The interpretation of the terms of the will itself determines if the property passes to you (with a recommendation for sale) or if the executor is to sell the property first.
Often, a person’s will states suggestions such as these in order to relieve the heir of any sense of duty to continue ownership of a property that would be financially burdensome. Apparently, you mother senses this and tried to address the situation accordingly.
Had your mother wanted the executor to sell the property first, the will would have provided specific instruction for the sale with the proceeds of the sale going to you rather than the property itself.
This should be something you and the executor’s attorney should be able to work out. If not, you may petition the probate court to rule on interpretation of that part of the will.

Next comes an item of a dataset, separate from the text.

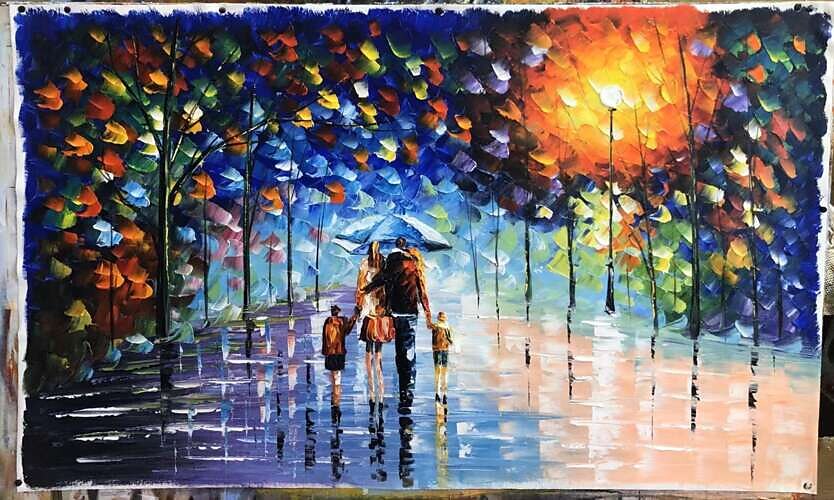 Oil Painting 100% Handmade Hand Painted Wall Art On Canvas A Family Of Four Holds An Umbrella Abstract Landscape Vintage Traditional Home Decoration Decor Rolled Canvas No Frame Unstretched 2025 - $75.99 –P8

The answers provided here are merely general in nature and may not apply to every situation. They do not represent and not not constitute specific legal advise or recommendations because the advise or recommendation could change based on sprecific factual situations and/or recognized exceptions to general legal principals. An attorney should be consulted regarding the specifics of a particular case before any action is taken or not taken.
Only the executor can sell it while it is in the estate. Sometimes setting down with your sister and her attorney can clear things up, if her attorney is willing to do this.
My colleagues are correct. You need to look to the language of the will to determine who is to sell the property. Remember, that your sister's lawyer is not your lawyer. You should consult with a local probate attorney to review your situation and provide you with guidance and direction.